Social isolation, economic vulnerability, and lack of access to health care prevent healthy transitions from girlhood to womanhood, especially for vulnerable adolescent girls in low-resource communities. In Zambia, poor girls often are at high risk of gender-based violence, unintended pregnancy, and HIV. Many drop out of school, are unable to find employment, lack the ability to make independent decisions, and are not being reached by existing programs for young people. Because of these challenges girls face, there is increased interest in investing in programming for vulnerable girls.

There is little high-quality evidence on what works to meet the needs of adolescent girls in marginalized communities. More rigorous research is needed to show what works and why.

The Population Council implements and rigorously evaluates the Adolescent Girls Empowerment Program (AGEP), which was designed to build the health, social, and economic assets of vulnerable girls in Zambia.

AGEP reaches more than 11,000 girls in rural and urban locations and is rigorously monitored and evaluated to understand what type of girls’ empowerment interventions work in Zambia, for whom, and at what cost.

Using a cluster randomized controlled trial, this research assesses the effectiveness of four approaches:

  • “Safe space” girls’ clubs (SS-only), which included health and financial education and life skills training during weekly girls group meetings led by young women mentors from the community;
  • “Safe spaces” + health service vouchers (SS+HV), entitling girls to health services provided by public and private facilities in the community;
  • “Safe spaces” + health vouchers + girl-friendly individual savings accounts (SS+HV+SA), developed in partnership with a Zambian financial institution; and
  • A control site in which girls received none of the above interventions.

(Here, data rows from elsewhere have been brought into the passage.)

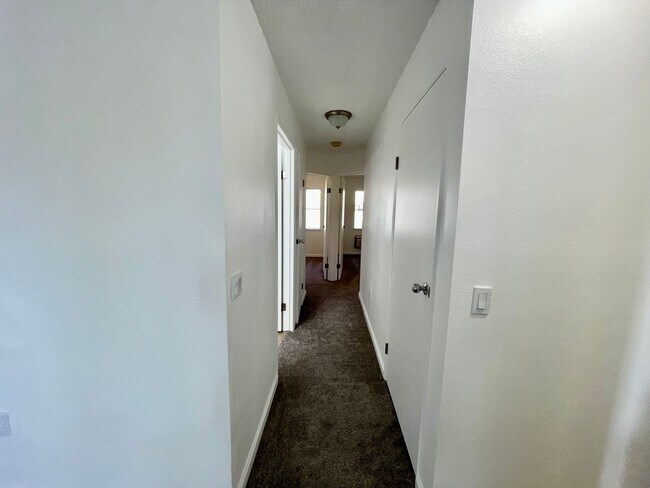 Building Photo - Discover a refreshed 2-bedroom, 2-bathroom residence in Mililani Mauka, complete with 2 parking s...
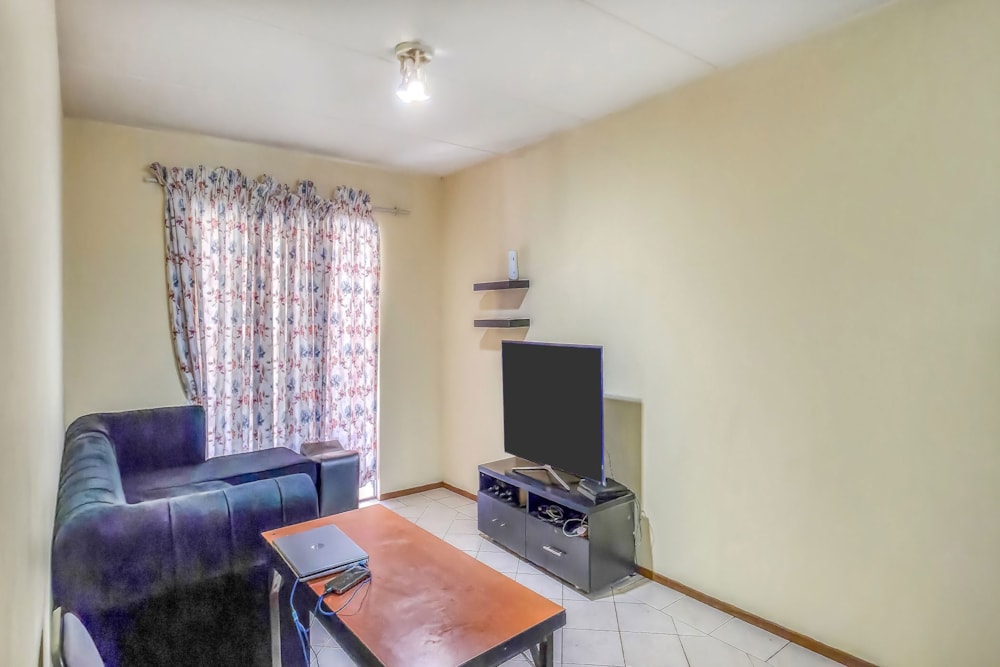 Apartment for sale in Willowbrook - RAN1716359 Apartment for sale in Willowbrook - RAN1716359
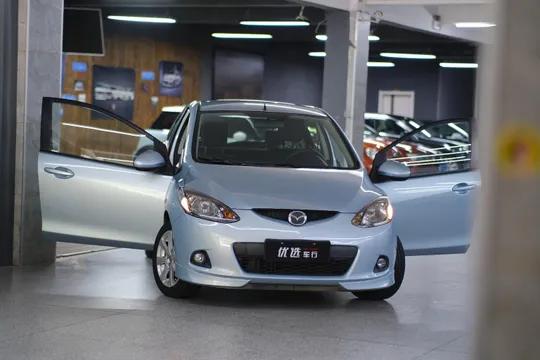 Mazda Mazda 2
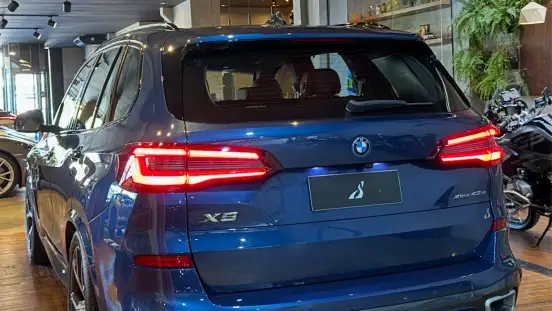 BMW-X5-2022
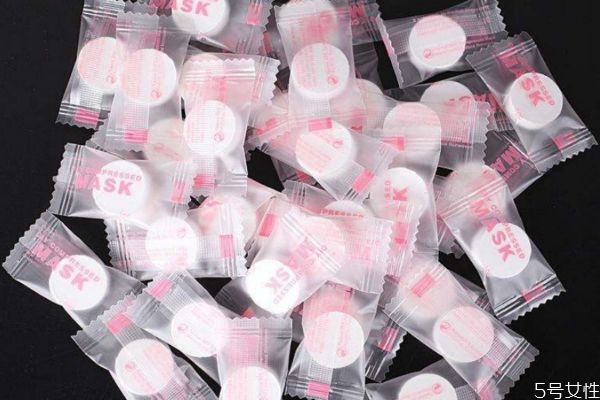 壓縮面膜可以用白開(kāi)水泡嗎 壓縮面膜怎么用補(bǔ)水好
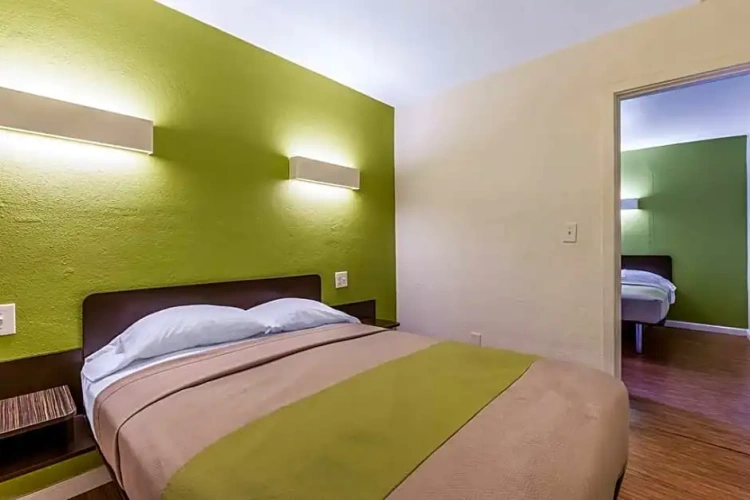 Standard Sextuple room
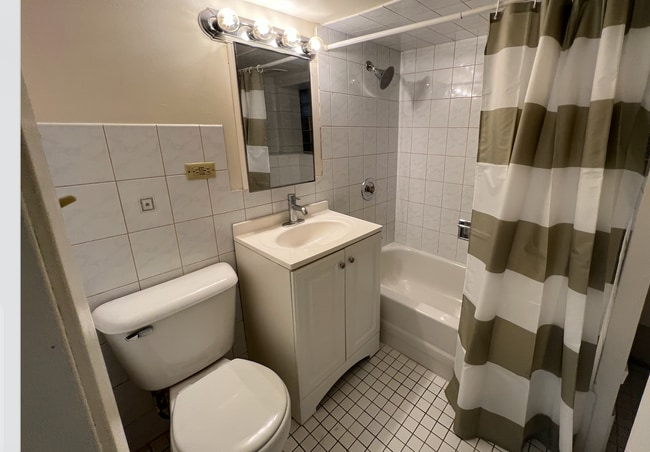 Photo - 4354 W Roscoe St Unidad g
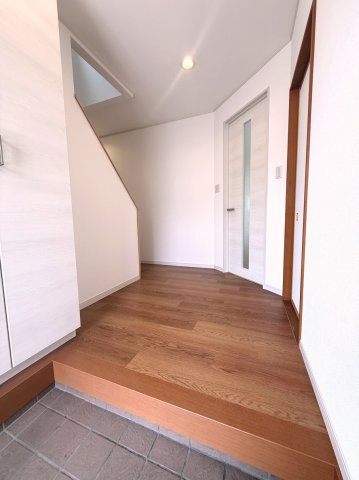 【玄関】 | 桑名市多度町小山台１丁目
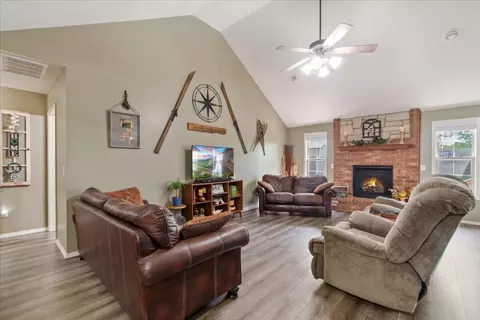 Living - 3816 N 28th St, Ozark, MO 65721 photo 1 of 4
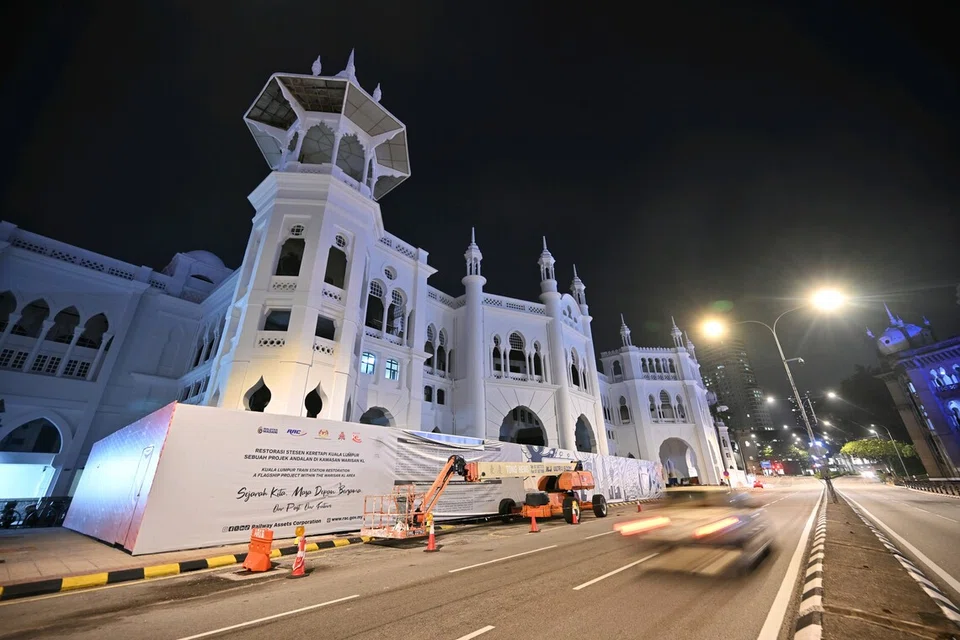 马来西亚期待已久的连接吉隆坡和新山的电动火车服务首次试运行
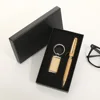Set portachiavi + penna firmata in due pezzi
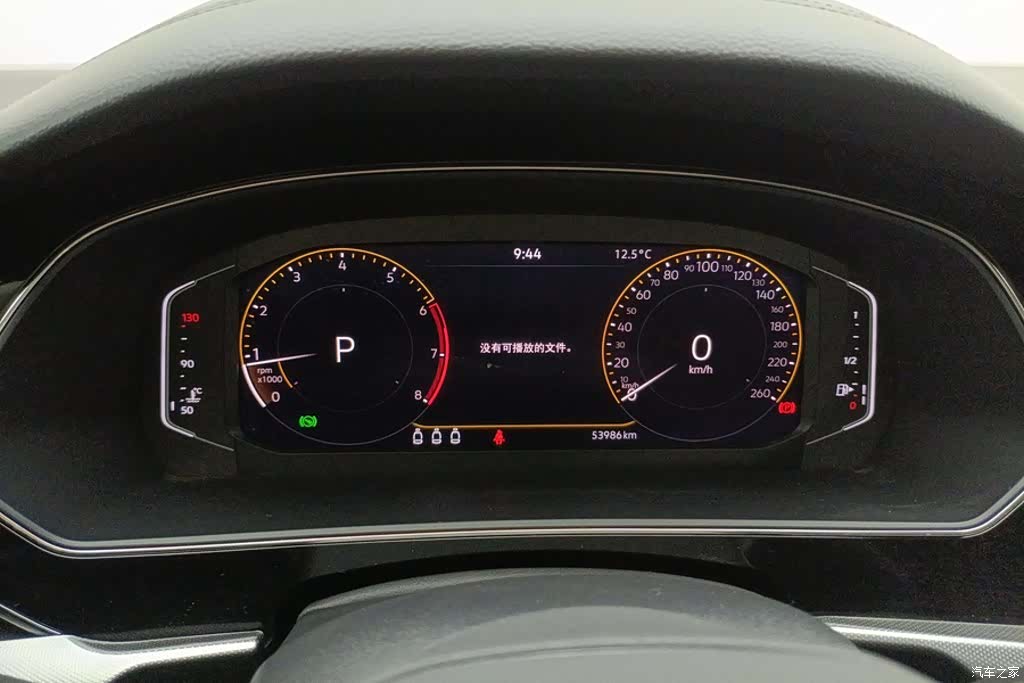 Volkswagen Passat, 2023 14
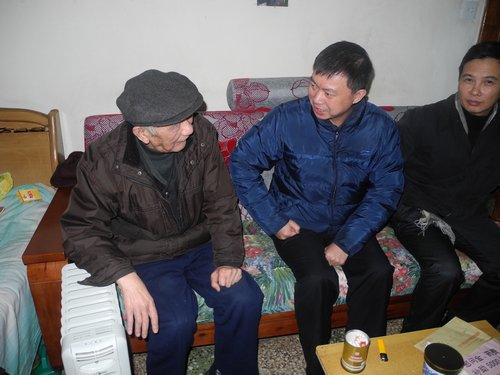 重庆市外侨办官员登门探访多位南洋老机工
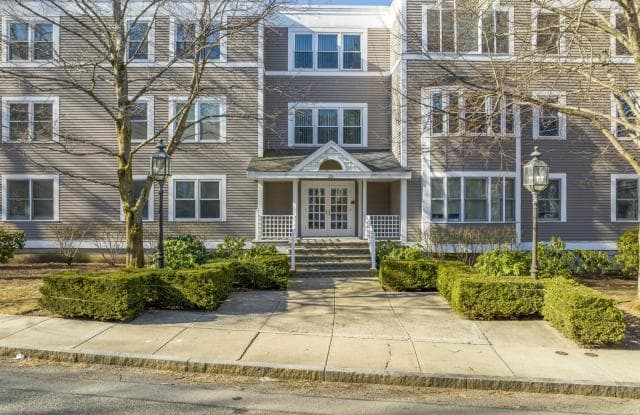 25 Holly Ln. - 25 Holly Lane, Brookline, MA 02467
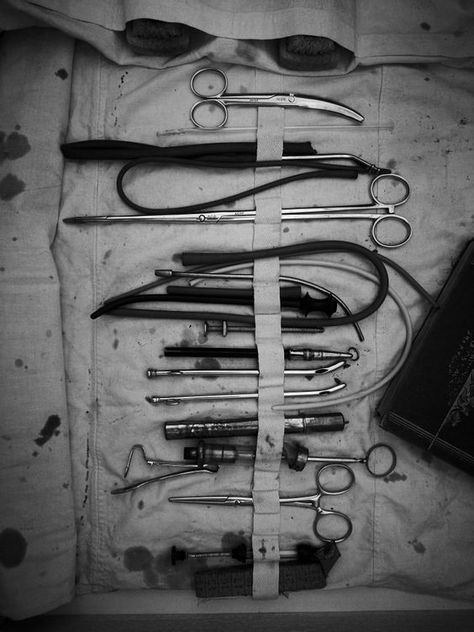 Tools Aesthetic, Medical Student Motivation, Med School Motivation, Medical Wallpaper, Medicine Student, Medical School Inspiration, Future Doctor, Med Student, Medical Aesthetic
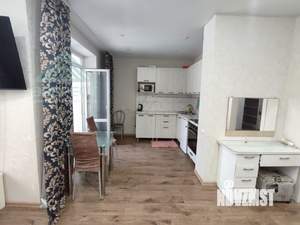 2-к квартира, вторичка, 60м2, 1/9 этаж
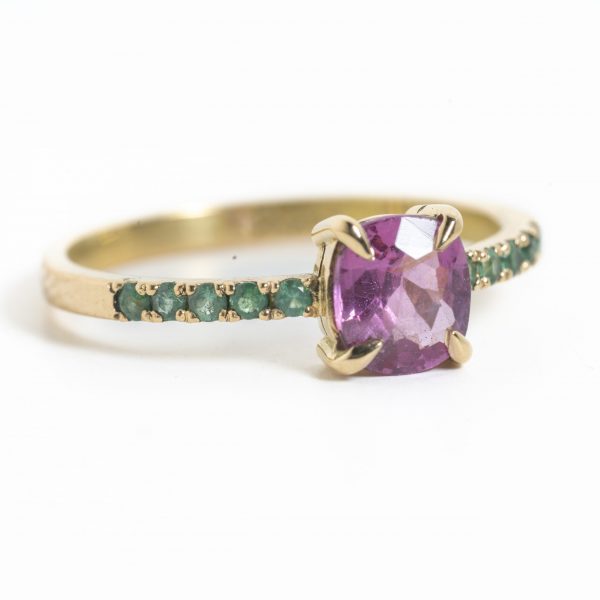 Anillo de oro con Espinela Rosa natural y diez Esmeraldas, un diseño exclusivo de hecho a mano por Punay Project en España.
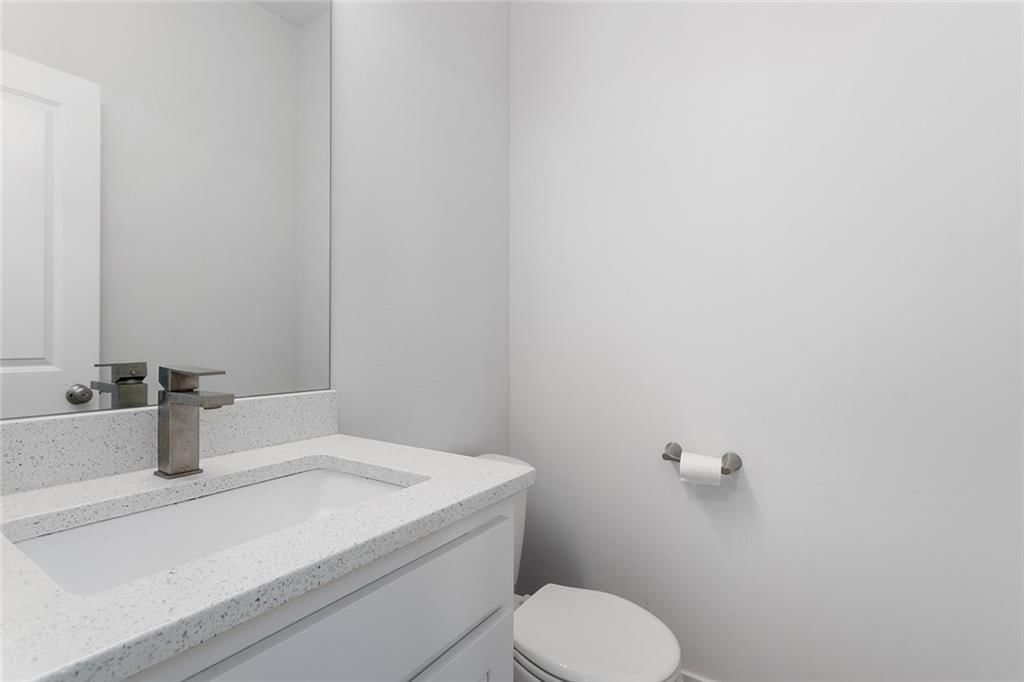 9025 N Colorado Avenue — photo 11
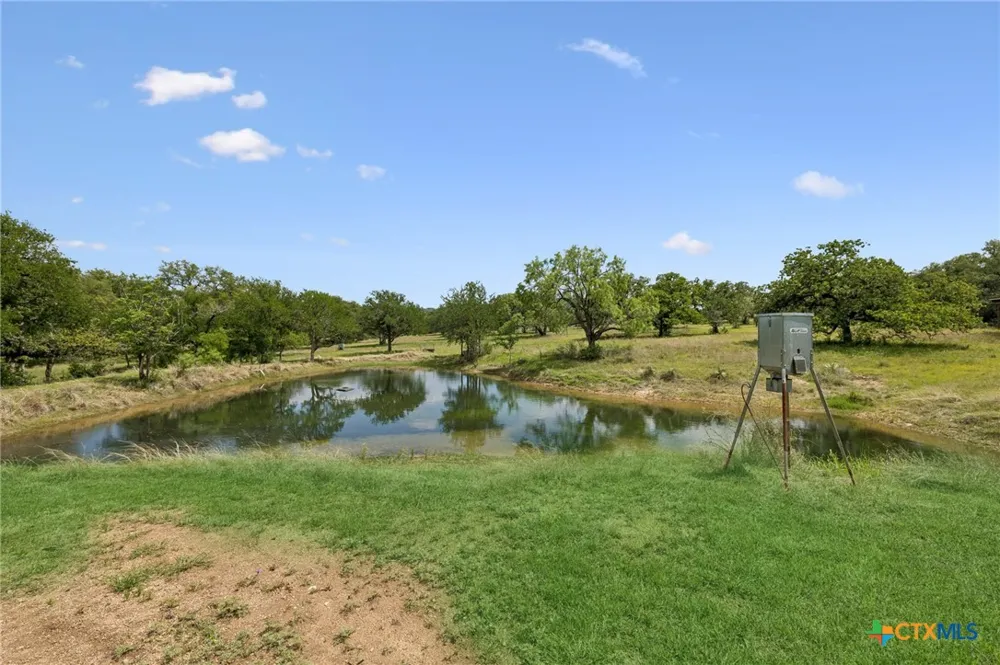 1450 Fm 2342 Kingsland, TX 78639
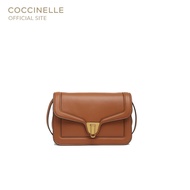 COCCINELLE กระเป๋าสะพายผู้หญิง รุ่น MARVIN TWIST CROSSBODY BAG 150101 สี CARAMEL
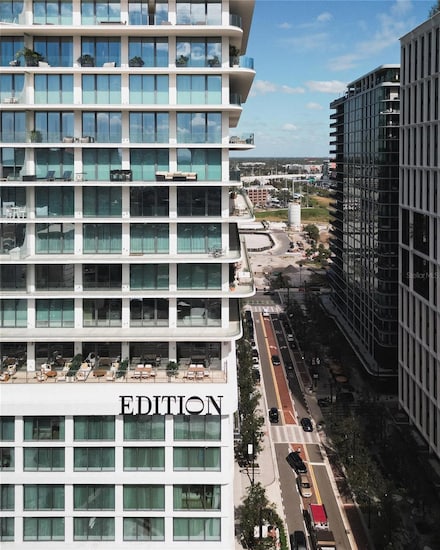 1000 Water St Unit 1402, Tampa, FL 33602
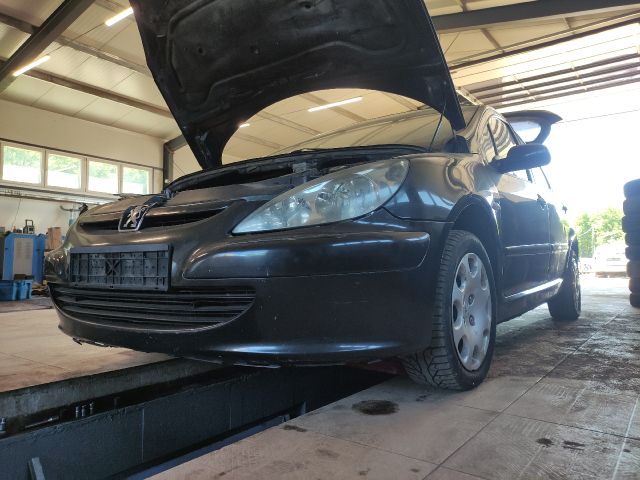 bontott PEUGEOT 307 Bal hátsó Lengéscsillapító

Participating community areas are randomly assigned to one of four study arms to determine cause and effect between program treatment and outcomes.

AGEP finds that for a small group of girls who are self-motivated to actively participate, the program was able to modestly delay marriage and birth in the long term. However, it was not broadly impactful for the majority of girls. The results show:

  • Girls in program arms show increased: self-efficacy, financial savings behavior, and sexual and reproductive health knowledge. These changes are strongest for girls who received all three program components -“safe spaces” + health vouchers + girl-friendly individual savings accounts.
  • Overall, the program shows no significant impacts on child marriage rates, contraceptive use, HIV and HSV-2 prevalence, gender norms, or girls’ acceptability and experience of violence.
  • Girls are more likely to participate in AGEP if they are in-school, younger, living in a rural area, and a biological daughter of the head of their household.
  • Among all girls in Zambia, transactional sex is a driver of adolescent pregnancy, yet is rarely publicly acknowledged or discussed, and alarming rates of violence against girls and women persist. Results show that participation in AGEP reduced rates of transactional sex for girls who were already sexually active at the start of the program.

AGEP results show that in the Zambian context, programs that seek to improve outcomes for a wide range of vulnerable girls must address underlying economic and social constraints surrounding them.

Results indicate the following recommendations:

  • “Safe Spaces” alone are insufficient to lead to sustained changes for vulnerable girls. Programs to empower girls must be girl-centered, but they also need to engage the broader community. Norms on gender and violence will not change without engaging those that influence girls’ lives.
  • Efforts to empower girls and improve their health and well-being should address social norms at the girl, household, school, and community levels.
  • Even when health and nutrition interventions are well designed, pervasive poverty can limit their success. Underlying economic constraints at the household level may need to be addressed in order to see longer term change for girls.

The Zambian government, the UK Department for International Development, and implementers working with adolescents in Zambia are using AGEP evidence to shape the future of adolescent girls’ programs in Zambia and the region. The AGEP findings are applied to new program designs and used to strengthen current programs for adolescents to ensure that programs are evidence-based. For example, the Council has provided technical assistance to the DREAMS Initiative’s implementing partners in Zambia on how to integrate the lessons learned from AGEP into their HIV prevention programs with adolescent girls. Data from AGEP are also available through the GIRL Center’s Adolescent Data Hub.